Debbie Jenkins is the elementary curriculum and instruction supervisor of Bogalusa City Schools in Louisiana. This post originally appeared on Amplify’s Viewpoints

Learn more about Bogalusa City Schools’ use of Core Knowledge in this video.

There’s an old Barbara Mandrell song that goes, “I was country when country wasn’t cool.” Similarly, I like to say, “E. D. Hirsch was Common Core before Common Core was cool.”

For those who don’t know who E. D. Hirsch is, he is the chief architect of Core Knowledge Language Arts, the reading and language arts program for K-3 that we are using in our two elementary schools. The gains our students have made in just one year with CKLA are just beyond belief. It gives me goosebumps thinking about it.

At our two rural elementary schools, 93 percent of our students qualify for free and reduced lunch. Many of our kids don’t have much of a chance to leave our city of Bogalusa. Their parents would love to give them the opportunity to see more of the world, but it’s just not possible.
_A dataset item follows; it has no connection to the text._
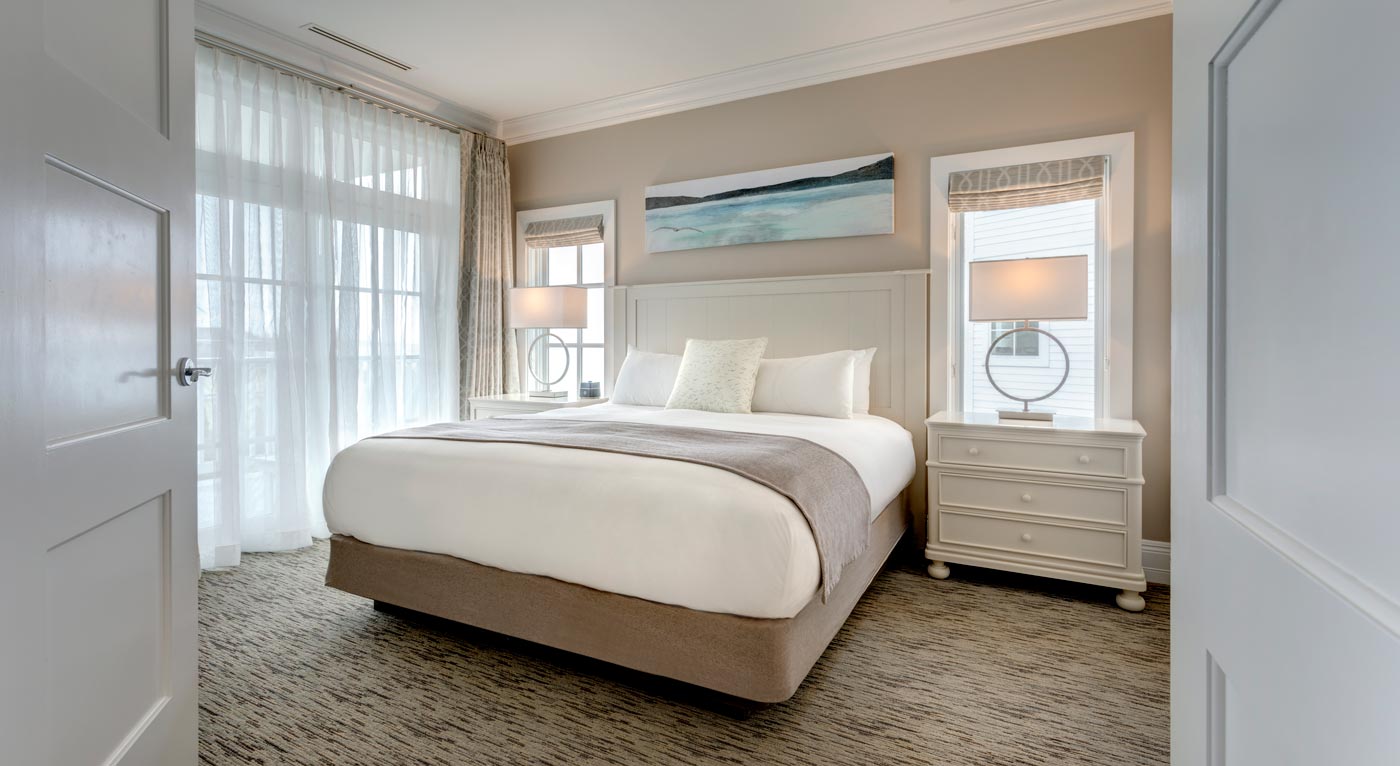 King bed in suite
As a result, our students have had issues with comprehension because they don’t have a lot of background knowledge or world knowledge to help them. So as they get to the upper grades, they know how to read the words but they don’t understand their meaning.

I’ve been following the work of Hirsch for many, many years, and as he says, a comprehension problem is a knowledge problem. We needed a program to help build knowledge around topics, and so I took a leap of faith by bringing in CKLA. Other than a few charter schools, we were the only public school district in the state of Louisiana to use CKLA, so it was a risk. But it totally paid off.

With CKLA, our students are learning to decode words through the curriculum’s Skills strand, but they’re also learning about topics like the human digestive system and ancient civilizations, as early as kindergarten, through the Listening and Learning strand. Each year, the curriculum builds on what they learned the previous year. So we’re building a foundation of knowledge at the youngest age. You’d think kindergartners wouldn’t be interested in Mesopotamia, but they love it, all of it. They’re just like sponges, taking all of this information and absorbing it.

The progress our students have made in language arts is unbelievable. The year before we had CKLA, 88 to 89 percent of our students hit the reading benchmark. After CKLA, that number jumped to 95 percent. Our teachers had said our kids would never be able to read the readers that come with CKLA. But you see, it’s the Common Core State Standards and you need to raise the bar, and we did, and our kids rose to the occasion. They did read those readers by the end of the year.

Now the state of Louisiana has put CKLA on its “Tier 1” list of curricular resources for ELA and literacy. So we know we took the right leap of faith, and now other schools in our state will benefit from CKLA, too.

My hunch was right: You can’t go wrong with a curriculum that has E. D. Hirsch and his Core Knowledge Foundation behind it. I continue to be one of his biggest fans.